Segment Start: Source data

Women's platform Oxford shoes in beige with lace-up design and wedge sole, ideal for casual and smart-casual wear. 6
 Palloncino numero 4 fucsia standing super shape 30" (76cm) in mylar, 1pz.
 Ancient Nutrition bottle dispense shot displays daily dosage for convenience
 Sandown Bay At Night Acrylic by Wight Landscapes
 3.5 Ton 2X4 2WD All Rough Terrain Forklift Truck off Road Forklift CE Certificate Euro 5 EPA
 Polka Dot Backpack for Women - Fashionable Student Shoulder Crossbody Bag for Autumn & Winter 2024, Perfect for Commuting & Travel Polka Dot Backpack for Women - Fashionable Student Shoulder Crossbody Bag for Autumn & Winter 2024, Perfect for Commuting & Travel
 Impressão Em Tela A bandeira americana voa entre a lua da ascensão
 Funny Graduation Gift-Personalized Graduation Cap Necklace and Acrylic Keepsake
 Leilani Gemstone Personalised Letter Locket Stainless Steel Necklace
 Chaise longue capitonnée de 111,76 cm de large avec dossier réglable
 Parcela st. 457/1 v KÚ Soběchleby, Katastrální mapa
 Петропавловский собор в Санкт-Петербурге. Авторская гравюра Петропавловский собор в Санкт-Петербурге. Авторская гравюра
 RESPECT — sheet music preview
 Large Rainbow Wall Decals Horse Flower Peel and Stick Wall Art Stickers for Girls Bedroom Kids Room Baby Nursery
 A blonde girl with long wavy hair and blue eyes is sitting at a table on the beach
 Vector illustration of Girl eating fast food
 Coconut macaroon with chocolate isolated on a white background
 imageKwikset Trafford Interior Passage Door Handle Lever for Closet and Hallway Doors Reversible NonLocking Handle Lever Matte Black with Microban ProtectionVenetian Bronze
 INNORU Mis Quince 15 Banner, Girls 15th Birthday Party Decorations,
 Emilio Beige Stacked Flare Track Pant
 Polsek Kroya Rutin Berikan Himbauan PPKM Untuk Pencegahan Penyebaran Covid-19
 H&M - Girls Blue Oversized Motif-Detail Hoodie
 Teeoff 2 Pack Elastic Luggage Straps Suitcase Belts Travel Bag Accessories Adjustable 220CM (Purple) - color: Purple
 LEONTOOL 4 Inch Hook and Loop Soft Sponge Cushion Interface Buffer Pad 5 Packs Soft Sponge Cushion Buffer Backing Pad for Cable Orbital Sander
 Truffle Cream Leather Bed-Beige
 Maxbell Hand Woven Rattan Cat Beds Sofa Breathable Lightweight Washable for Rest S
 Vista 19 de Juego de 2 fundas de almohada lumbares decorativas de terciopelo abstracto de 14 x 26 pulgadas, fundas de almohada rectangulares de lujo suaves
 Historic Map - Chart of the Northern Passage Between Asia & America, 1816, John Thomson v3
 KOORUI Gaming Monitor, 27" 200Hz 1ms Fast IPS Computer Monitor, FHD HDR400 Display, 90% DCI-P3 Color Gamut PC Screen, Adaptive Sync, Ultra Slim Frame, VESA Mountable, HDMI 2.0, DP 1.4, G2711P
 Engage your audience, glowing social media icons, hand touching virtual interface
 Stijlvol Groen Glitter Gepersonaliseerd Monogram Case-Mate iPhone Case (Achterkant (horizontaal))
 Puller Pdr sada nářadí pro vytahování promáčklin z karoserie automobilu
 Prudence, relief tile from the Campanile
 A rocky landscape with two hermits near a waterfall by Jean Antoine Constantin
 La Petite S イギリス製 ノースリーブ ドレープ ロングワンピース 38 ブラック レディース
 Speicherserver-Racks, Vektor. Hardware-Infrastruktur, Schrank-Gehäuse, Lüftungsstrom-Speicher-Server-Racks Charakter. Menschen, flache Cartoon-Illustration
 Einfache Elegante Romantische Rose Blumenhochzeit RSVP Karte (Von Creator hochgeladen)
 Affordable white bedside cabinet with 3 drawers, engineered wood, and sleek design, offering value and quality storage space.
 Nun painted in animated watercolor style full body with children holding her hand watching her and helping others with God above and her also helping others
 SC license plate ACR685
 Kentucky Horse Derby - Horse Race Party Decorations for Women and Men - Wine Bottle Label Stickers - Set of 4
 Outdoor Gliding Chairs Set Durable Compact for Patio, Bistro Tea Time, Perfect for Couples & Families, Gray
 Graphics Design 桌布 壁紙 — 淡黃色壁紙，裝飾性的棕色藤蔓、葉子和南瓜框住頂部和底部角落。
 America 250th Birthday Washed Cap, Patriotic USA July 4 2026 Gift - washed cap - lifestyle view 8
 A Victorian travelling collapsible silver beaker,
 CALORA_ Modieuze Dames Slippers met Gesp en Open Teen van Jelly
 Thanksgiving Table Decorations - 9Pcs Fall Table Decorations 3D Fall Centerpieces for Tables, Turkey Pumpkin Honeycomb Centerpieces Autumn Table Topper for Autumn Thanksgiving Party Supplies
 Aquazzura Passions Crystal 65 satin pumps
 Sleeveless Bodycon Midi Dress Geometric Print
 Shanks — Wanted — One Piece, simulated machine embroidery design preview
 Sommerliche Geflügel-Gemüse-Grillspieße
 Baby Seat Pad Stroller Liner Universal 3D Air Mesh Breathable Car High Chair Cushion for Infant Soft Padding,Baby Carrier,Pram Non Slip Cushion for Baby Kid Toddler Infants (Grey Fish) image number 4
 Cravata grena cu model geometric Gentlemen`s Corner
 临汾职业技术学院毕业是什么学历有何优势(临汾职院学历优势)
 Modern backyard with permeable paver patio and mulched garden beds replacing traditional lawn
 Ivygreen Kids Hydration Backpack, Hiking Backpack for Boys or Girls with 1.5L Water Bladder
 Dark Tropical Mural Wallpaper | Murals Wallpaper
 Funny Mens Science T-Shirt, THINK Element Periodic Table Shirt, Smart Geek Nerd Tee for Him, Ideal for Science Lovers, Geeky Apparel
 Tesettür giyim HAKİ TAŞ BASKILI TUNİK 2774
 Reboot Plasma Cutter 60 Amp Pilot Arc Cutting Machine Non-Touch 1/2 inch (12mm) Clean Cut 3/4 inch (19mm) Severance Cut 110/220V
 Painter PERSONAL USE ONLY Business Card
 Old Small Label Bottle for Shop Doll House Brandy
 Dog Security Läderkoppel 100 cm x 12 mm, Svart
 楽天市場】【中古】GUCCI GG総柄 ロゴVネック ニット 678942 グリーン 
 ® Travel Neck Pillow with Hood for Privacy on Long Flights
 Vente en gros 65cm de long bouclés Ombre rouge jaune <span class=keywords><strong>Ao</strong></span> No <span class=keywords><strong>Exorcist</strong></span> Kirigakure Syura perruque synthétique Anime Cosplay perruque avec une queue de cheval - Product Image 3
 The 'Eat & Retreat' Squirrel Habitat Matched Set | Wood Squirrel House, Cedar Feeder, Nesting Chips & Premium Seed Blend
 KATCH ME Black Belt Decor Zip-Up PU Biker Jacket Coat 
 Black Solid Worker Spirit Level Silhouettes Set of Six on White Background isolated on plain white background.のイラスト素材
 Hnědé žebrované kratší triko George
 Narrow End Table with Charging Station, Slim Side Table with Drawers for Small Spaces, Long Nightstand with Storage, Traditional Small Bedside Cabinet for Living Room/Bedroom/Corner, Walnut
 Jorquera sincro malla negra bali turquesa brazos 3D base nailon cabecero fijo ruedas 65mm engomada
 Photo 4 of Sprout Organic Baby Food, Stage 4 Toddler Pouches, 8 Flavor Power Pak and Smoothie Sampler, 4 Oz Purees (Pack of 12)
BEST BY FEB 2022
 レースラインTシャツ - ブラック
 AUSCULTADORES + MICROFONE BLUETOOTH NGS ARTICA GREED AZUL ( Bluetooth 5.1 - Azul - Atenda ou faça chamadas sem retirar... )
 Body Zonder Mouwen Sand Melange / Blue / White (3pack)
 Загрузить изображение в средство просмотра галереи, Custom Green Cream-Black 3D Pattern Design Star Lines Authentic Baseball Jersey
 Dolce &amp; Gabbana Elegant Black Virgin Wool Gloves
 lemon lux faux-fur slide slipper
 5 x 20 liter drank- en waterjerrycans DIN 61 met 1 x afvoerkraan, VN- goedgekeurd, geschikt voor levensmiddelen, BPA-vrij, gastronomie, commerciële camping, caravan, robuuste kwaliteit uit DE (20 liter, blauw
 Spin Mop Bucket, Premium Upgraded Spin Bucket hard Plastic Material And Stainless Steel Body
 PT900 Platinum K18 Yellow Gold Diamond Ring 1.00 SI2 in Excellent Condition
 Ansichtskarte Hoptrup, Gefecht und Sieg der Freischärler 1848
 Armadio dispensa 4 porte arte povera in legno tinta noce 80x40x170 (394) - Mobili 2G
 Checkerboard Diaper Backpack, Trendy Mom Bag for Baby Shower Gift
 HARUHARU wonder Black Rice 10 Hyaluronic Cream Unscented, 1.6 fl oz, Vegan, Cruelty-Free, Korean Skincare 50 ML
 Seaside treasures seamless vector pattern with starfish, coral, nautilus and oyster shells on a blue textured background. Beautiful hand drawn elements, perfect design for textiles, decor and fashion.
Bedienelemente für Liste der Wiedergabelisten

Segment End: Source data

Required work:
From the material above, copy exactly the lines between the line holding "Dolce &amp; Gabbana" and the line holding "Ansichtskarte Hoptrup, Gefecht", inclusive, and only those.

Solution:
 Dolce &amp; Gabbana Elegant Black Virgin Wool Gloves
 lemon lux faux-fur slide slipper
 5 x 20 liter drank- en waterjerrycans DIN 61 met 1 x afvoerkraan, VN- goedgekeurd, geschikt voor levensmiddelen, BPA-vrij, gastronomie, commerciële camping, caravan, robuuste kwaliteit uit DE (20 liter, blauw
 Spin Mop Bucket, Premium Upgraded Spin Bucket hard Plastic Material And Stainless Steel Body
 PT900 Platinum K18 Yellow Gold Diamond Ring 1.00 SI2 in Excellent Condition
 Ansichtskarte Hoptrup, Gefecht und Sieg der Freischärler 1848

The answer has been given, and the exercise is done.